What was this official’s name? What was his exact reasoning? If this was indeed the case, why was my novel additionally impounded along with Mark Waugh’s book? One Break, A Thousand Blows has its measure of obscenities, pornography and shock – but nowhere does it justify, let alone condone terrorism. If anything I am a literary terrorist. Moreover, why was Jana Leo’s Rape New York impounded? And why were copies of Bridget Penney’s Index impounded? An innocuous title – no? For myself, Penney’s book was the para-literary equivalent of a Richard Serra masterpiece. How could any one, even a government official, see anything terrorizing in it?

Speculations here abound: my Goldsmiths colleague in London thinks the title itself One Break, A Thousand Blows was too connotative of a terrorist plot. That and the fact that the enigmatic cover was colored Communist red with many depictions of wigs (as in disguises). And it probably didn’t help that at the beginning of the book I quoted a phrase from the Bernadette Corporation: “People want to be someone. But the really exciting challenge is to become no one. And where will you find no ones? In nowhere. Where things are exploding.”

A long pause. On second thought (in a parallax way), I can’t really blame US customs for doing what they ultimately did. I can well imagine an average, naive customs official (let’s imagine him to be completely unaware of the avant-garde) coming across the Semina series – totally baffled, and reading something like Bridget Penney’s Index as a highly elaborate coded index on weapons of mass destruction. If all of this seems a bit farfetched, I hate to think what might really be behind the conspiracy; in a word – censorship.

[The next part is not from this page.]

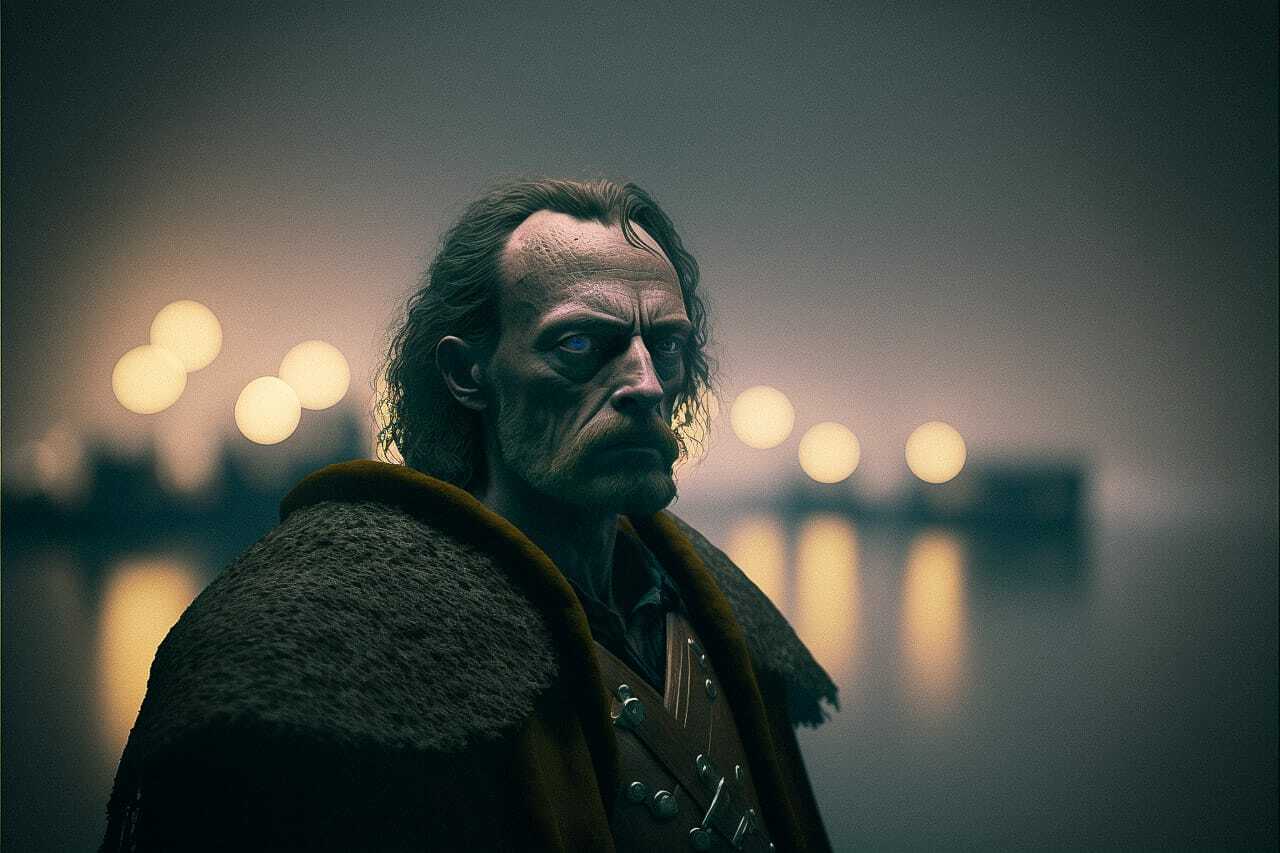 Resulting blend showcasing character creation techniques in Midjourney with prompt engineering for artistic style integration.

These days I find myself thinking more and more about Kathy Acker’s Blood and Guts in High School, considered her most popular and best-selling novel – the story is seemingly about Janey Smith, a ten-year-old American girl who has an incestuous sexual relationship with her father, who is also her boyfriend, brother, money, and amusement. Blood and Guts was banned in Germany, and I can’t help but feel that the authorities in New York effectively banned Jana Leo’s Rape New York for similar Blood and Guts reasons concerning taste and decency. Rape New York is a book about a real case in January 2001 where Leo herself was held hostage and raped during the course of an afternoon in her New York apartment. Perhaps the pulping of Kim, Penney and Waugh was simply collaterol damage, incidental to the conservative backlash against Leo.

Wherever the truth lies, we here at the New School for Social Research, San Francisco are all tickled pink by it. And if in the end it turns out that this was all just an elaborate media hoax by Arts Council England (like the recent “bomb threat” publicity stunt at Cooper Union for Slavoj Zizek’s new book) – I don’t think I’ll have any regrets on the way that I approached this topic. As Kathy Acker put it, “I think the best thing in cases of censorship or things like this is to get as much media as possible.”

Yours sincerely, Maxi Kim, Beaubourg 268.